(Saved data entries)
....
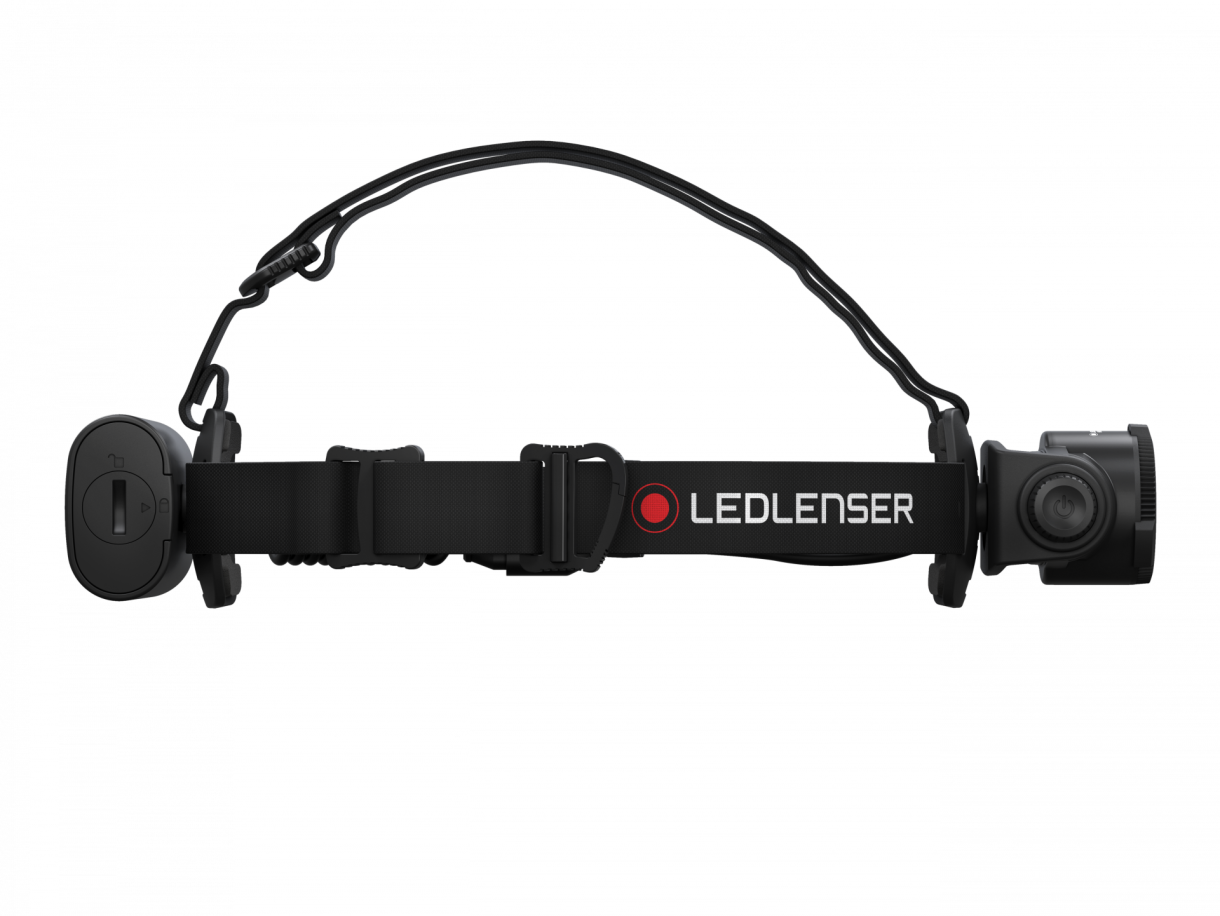 LED LENSER® Stirnlampe H15R CORE black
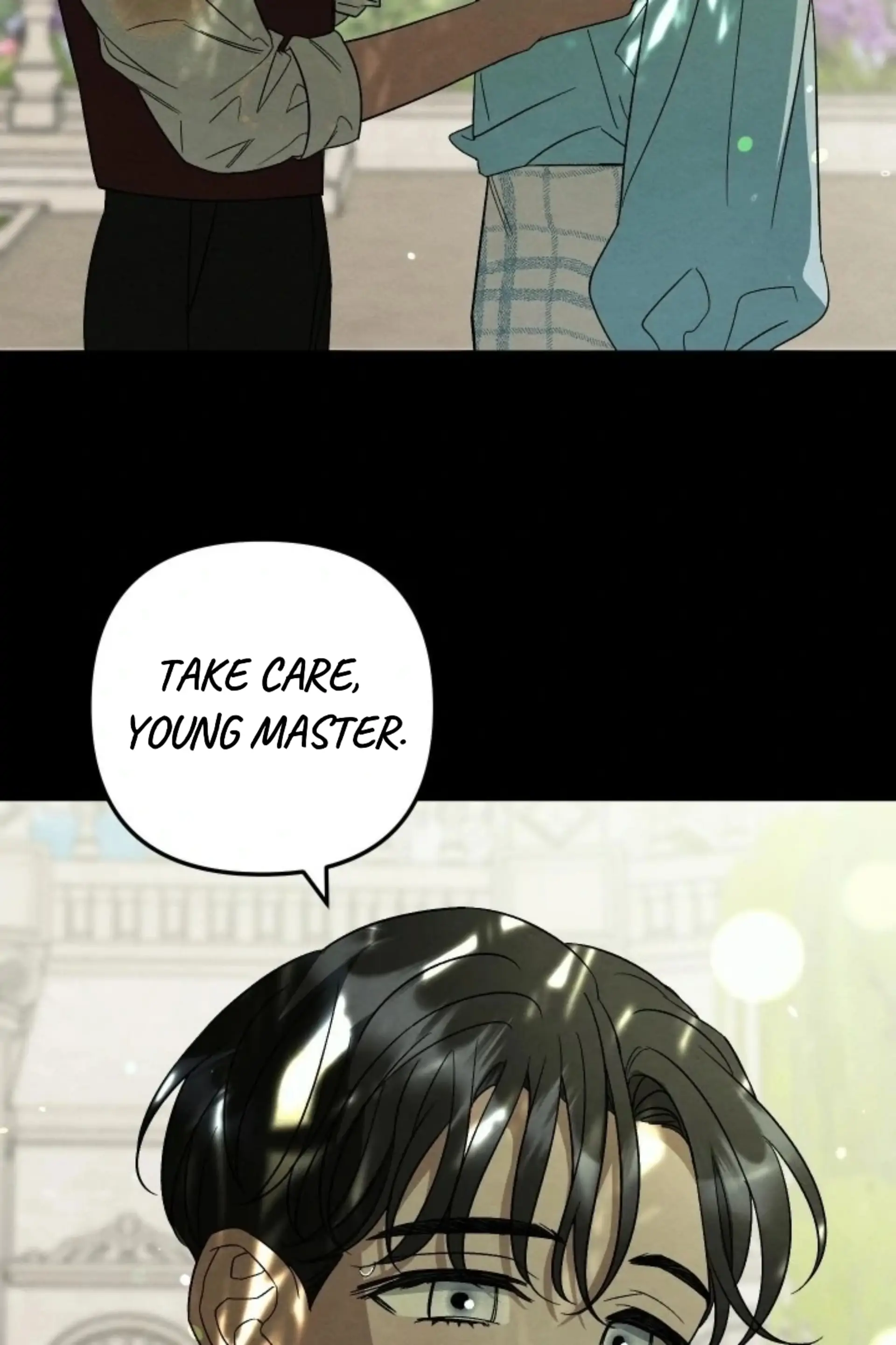 To My Beloved Master ( PARADISE X SAKISOS ) - Chapter 3 manhwa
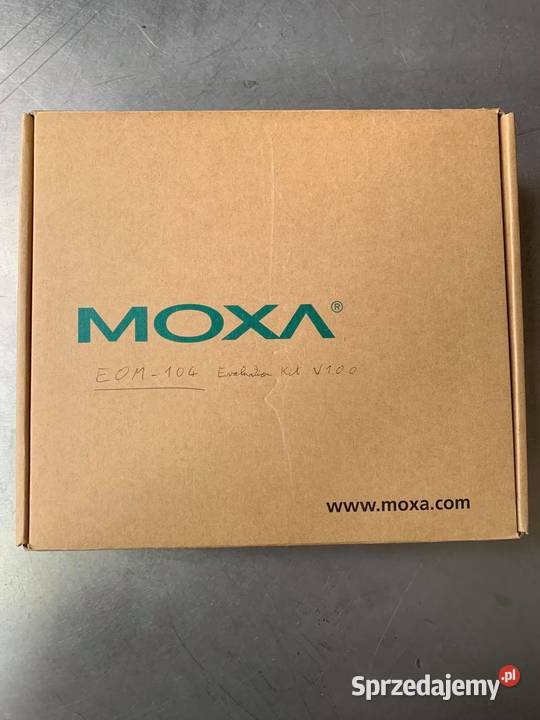 MOXA EOM104 EVALUATION KIT 100 Warszawa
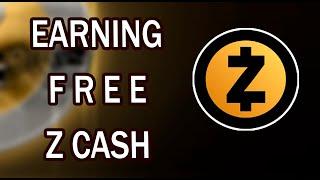 EARNING FREE ZCASH. MONEY ONLINE. FAUCET PAY 2021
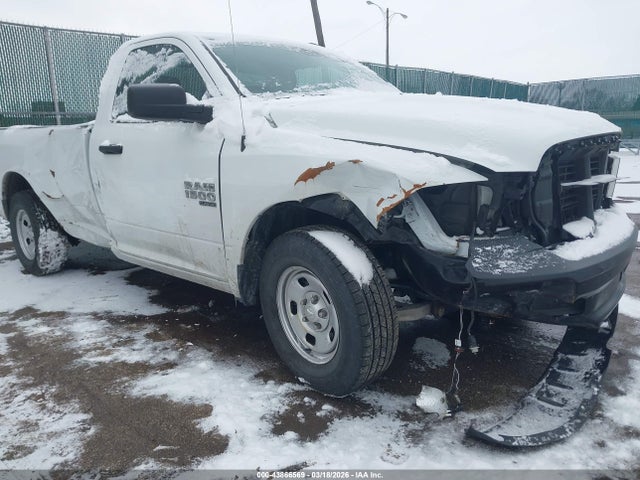 Продаж на аукціоні авто 2023 Ram 1500 Classic Tradesman  4x2 8' Box, vin: 3C6JR6DG1PG554942, номер лоту: 43866569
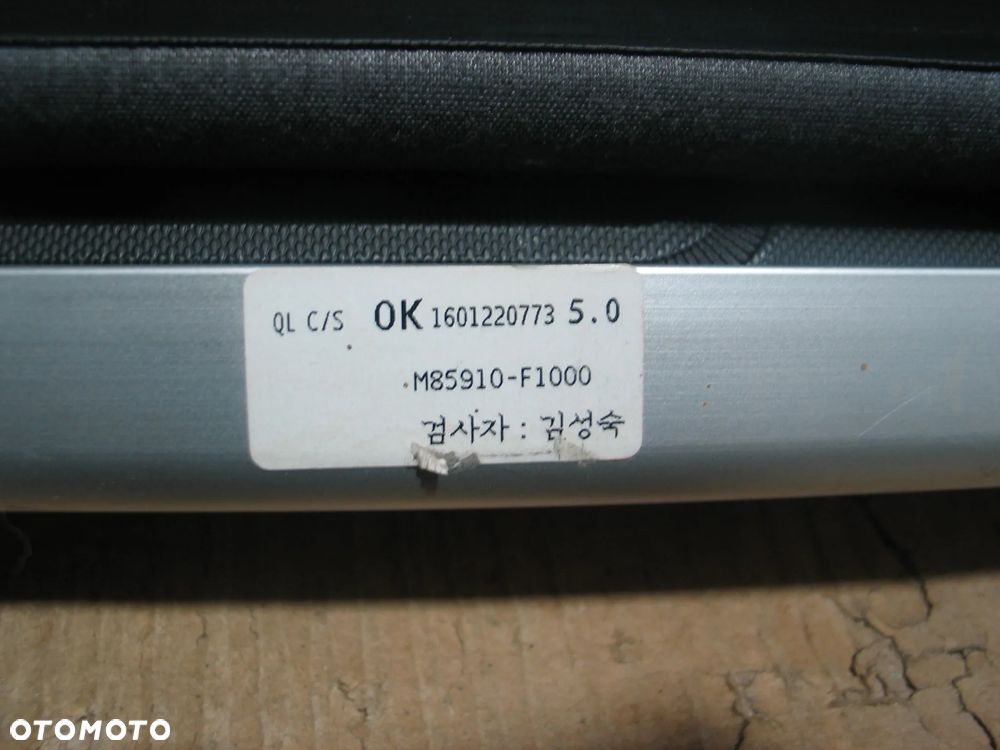 Roleta bagaznika kia sportage 4 IV 15-21r. 85910-F1000 - 8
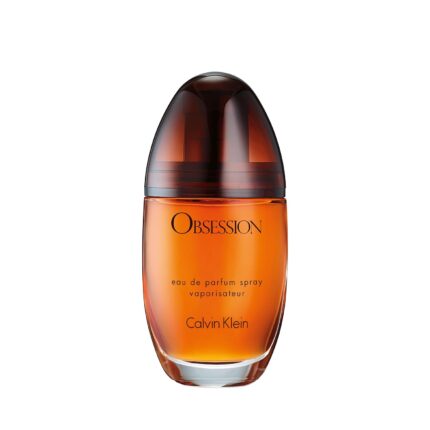 Calvin Klein Obsession Eau de Parfum – Ambery Women's Perfume – With Notes of Mandarin, Bergamot, Jasmine & Patchouli – Long Lasting Fragrance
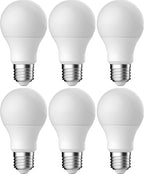 Energetic E27 LED Lamp - 9.6W 2700K 1055lm 230V - LED Verlichting - LEDBulb A60 - Warm Wit - Per doos à 6 stuks - afbeelding 1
....
▸ Assigned task: Where pictures appear, drop them, and reproduce exactly only the lines running from the beginning of the data to the line that contains "Продаж на аукціоні", inclusive.

▸ Output:
 LED LENSER® Stirnlampe H15R CORE black
 To My Beloved Master ( PARADISE X SAKISOS ) - Chapter 3 manhwa
 MOXA EOM104 EVALUATION KIT 100 Warszawa
 EARNING FREE ZCASH. MONEY ONLINE. FAUCET PAY 2021
 Продаж на аукціоні авто 2023 Ram 1500 Classic Tradesman  4x2 8' Box, vin: 3C6JR6DG1PG554942, номер лоту: 43866569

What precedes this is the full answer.